Today I finished rewriting the hashtable locking logic. I've added the diff
below.
Still a few consideration to make:
For now I use an array of a fixed size which is used to store the elements to
be deleted.
This array is filled (with a read lock) through the do_all lhash function which
calls the t_old function.
If the array is full the do_all method can't be stopped and thus t_old just
returns. After do_all is finished, the items are deleted (with a write lock).
There are a few things that come to mind with this solution. The size of the
array is fixed. What if every minute more items are added than deleted? I
suggest that we make this size variable. Either in the config or calculate it.
Also I found a bug in the Makefile. I edited the pound.h file but the poundctl
binairy didn't rebuild. I think there's something wrong with the dependencies.

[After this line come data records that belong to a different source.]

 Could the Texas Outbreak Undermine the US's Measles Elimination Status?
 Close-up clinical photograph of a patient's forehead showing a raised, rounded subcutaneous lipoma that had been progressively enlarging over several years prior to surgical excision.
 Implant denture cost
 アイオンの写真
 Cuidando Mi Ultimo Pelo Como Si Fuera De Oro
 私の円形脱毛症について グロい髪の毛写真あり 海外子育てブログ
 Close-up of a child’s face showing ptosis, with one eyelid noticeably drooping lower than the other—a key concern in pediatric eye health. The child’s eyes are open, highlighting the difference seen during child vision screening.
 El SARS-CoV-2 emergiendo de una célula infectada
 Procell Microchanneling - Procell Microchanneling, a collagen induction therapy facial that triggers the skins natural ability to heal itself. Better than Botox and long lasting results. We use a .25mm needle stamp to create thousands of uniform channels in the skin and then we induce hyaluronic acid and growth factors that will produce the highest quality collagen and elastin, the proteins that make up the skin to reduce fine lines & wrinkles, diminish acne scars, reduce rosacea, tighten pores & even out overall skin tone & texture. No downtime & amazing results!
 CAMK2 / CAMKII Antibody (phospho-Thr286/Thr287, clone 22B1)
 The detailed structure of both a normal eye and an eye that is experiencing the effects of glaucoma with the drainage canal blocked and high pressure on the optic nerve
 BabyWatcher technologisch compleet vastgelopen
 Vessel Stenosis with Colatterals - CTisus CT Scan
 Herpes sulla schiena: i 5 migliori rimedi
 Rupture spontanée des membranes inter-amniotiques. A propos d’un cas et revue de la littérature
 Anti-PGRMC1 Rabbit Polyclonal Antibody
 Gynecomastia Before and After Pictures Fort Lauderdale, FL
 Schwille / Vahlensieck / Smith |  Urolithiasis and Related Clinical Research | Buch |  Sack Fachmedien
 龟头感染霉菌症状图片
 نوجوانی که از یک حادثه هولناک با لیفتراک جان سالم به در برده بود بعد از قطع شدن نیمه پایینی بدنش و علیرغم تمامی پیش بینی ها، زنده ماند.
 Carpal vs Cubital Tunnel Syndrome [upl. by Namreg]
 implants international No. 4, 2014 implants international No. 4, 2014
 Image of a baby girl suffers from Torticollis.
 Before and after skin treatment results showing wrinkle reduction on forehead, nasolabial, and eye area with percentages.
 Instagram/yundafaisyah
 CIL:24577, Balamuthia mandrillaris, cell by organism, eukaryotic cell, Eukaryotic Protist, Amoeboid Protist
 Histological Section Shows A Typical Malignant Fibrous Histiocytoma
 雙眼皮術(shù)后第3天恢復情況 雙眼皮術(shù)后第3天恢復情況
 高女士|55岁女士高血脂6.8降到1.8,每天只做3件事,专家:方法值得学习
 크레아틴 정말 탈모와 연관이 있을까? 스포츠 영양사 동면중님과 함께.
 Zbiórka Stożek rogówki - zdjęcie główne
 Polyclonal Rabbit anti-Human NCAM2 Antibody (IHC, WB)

Here are two benchmarks. The table is cleaned every 5 seconds. The size of the
array is 512 (this may need some tweaking less can be better).
Configfile:
ListenHTTP
Address Address xxx.xxx.xxx.186
Port 88
Service
BackEnd
Address xxx.xxx.xxx.186
Port 40081
End
BackEnd
Address xxx.xxx.xxx.186
Port 40081
End
Session
Type Cookie
ID "pound"
TTL 100
End
End
End
Version 2.6b:
# ab -n 20000 -c 20 http://xxx.xxx.xxx.xxx/pound.mhtml
Document Path: /pound.mhtml
Document Length: 87 bytes
Concurrency Level: 20
Time taken for tests: 35.784378 seconds
Complete requests: 20000
Failed requests: 0
Write errors: 0
Total transferred: 5100255 bytes
HTML transferred: 1740087 bytes
Requests per second: 558.90 [#/sec] (mean)
Time per request: 35.784 [ms] (mean)
Time per request: 1.789 [ms] (mean, across all concurrent requests)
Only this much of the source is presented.